→ WORK REQUEST
Restate, word for word, the lines from the opening line of the data through the line containing "Round Cut Apple", both included, and nothing else.

→ DATASET CONTENT
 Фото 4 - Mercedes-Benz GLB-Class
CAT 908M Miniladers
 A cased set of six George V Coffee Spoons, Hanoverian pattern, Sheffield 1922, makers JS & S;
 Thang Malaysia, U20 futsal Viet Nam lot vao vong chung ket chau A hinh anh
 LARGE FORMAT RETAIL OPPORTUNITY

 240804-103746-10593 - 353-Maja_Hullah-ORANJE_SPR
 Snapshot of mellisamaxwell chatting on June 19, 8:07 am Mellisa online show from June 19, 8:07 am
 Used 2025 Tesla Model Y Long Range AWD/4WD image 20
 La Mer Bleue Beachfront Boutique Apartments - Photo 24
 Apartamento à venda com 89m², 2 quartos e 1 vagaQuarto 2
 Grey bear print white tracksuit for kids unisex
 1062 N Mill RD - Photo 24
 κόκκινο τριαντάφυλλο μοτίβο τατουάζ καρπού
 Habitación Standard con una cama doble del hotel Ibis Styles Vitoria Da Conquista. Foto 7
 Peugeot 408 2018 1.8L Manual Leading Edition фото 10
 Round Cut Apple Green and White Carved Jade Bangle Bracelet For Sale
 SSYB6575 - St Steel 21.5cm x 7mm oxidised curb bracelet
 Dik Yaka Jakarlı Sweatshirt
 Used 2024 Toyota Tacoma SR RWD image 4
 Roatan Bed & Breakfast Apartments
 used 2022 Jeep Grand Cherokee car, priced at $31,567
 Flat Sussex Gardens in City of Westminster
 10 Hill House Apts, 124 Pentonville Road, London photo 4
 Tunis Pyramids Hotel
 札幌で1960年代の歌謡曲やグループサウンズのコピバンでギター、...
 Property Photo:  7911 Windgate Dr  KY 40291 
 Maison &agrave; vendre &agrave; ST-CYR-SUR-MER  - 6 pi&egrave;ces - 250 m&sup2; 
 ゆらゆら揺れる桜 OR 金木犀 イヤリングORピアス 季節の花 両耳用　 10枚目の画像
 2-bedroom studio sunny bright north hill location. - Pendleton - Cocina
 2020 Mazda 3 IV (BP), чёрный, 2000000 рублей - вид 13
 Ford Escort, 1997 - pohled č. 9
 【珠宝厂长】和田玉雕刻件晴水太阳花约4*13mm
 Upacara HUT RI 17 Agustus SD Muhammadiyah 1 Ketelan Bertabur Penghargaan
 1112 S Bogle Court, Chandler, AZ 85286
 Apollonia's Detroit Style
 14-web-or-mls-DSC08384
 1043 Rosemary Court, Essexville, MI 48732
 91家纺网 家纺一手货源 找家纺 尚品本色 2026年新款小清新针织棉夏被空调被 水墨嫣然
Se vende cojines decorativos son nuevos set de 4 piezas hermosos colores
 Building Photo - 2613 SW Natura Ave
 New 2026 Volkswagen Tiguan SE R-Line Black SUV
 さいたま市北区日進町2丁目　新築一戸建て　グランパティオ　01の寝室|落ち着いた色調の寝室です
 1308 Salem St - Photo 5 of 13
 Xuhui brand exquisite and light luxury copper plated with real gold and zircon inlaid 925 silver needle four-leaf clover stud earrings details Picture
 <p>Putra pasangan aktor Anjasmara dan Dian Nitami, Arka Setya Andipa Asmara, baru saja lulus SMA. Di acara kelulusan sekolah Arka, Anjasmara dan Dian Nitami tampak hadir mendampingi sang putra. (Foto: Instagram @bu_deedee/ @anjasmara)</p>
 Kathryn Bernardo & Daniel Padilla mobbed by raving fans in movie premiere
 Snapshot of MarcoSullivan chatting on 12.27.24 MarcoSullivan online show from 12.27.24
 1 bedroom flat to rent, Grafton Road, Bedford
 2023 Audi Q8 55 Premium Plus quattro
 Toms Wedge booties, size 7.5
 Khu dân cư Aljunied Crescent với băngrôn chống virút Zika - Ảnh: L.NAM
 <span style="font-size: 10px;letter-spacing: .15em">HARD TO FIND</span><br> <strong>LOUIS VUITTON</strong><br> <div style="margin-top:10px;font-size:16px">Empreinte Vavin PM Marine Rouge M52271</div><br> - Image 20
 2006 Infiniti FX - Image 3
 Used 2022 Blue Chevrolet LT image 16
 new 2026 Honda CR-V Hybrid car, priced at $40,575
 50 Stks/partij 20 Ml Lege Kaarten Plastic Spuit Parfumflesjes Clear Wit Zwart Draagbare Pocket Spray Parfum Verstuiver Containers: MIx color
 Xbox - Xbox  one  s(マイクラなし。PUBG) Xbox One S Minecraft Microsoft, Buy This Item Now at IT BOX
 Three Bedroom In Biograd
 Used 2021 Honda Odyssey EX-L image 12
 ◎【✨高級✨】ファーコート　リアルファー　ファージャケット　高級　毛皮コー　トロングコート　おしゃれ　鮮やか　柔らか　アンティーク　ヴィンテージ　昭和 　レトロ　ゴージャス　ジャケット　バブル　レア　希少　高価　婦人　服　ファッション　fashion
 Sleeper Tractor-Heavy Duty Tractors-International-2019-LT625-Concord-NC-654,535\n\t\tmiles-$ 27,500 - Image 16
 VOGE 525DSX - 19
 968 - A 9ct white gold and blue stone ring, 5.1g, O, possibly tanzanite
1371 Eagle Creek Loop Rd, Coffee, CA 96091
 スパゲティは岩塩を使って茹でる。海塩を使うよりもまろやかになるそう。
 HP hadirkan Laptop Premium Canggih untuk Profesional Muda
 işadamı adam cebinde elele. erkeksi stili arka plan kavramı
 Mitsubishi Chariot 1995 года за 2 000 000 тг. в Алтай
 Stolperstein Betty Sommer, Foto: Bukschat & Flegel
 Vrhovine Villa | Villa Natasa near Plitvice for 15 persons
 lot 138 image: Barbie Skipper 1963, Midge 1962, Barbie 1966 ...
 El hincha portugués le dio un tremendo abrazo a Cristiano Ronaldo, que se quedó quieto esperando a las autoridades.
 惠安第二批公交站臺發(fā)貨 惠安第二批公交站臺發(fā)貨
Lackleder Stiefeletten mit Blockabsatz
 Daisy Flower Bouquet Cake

→ EXERCISE SOLUTION
 Фото 4 - Mercedes-Benz GLB-Class
CAT 908M Miniladers
 A cased set of six George V Coffee Spoons, Hanoverian pattern, Sheffield 1922, makers JS & S;
 Thang Malaysia, U20 futsal Viet Nam lot vao vong chung ket chau A hinh anh
 LARGE FORMAT RETAIL OPPORTUNITY

 240804-103746-10593 - 353-Maja_Hullah-ORANJE_SPR
 Snapshot of mellisamaxwell chatting on June 19, 8:07 am Mellisa online show from June 19, 8:07 am
 Used 2025 Tesla Model Y Long Range AWD/4WD image 20
 La Mer Bleue Beachfront Boutique Apartments - Photo 24
 Apartamento à venda com 89m², 2 quartos e 1 vagaQuarto 2
 Grey bear print white tracksuit for kids unisex
 1062 N Mill RD - Photo 24
 κόκκινο τριαντάφυλλο μοτίβο τατουάζ καρπού
 Habitación Standard con una cama doble del hotel Ibis Styles Vitoria Da Conquista. Foto 7
 Peugeot 408 2018 1.8L Manual Leading Edition фото 10
 Round Cut Apple Green and White Carved Jade Bangle Bracelet For Sale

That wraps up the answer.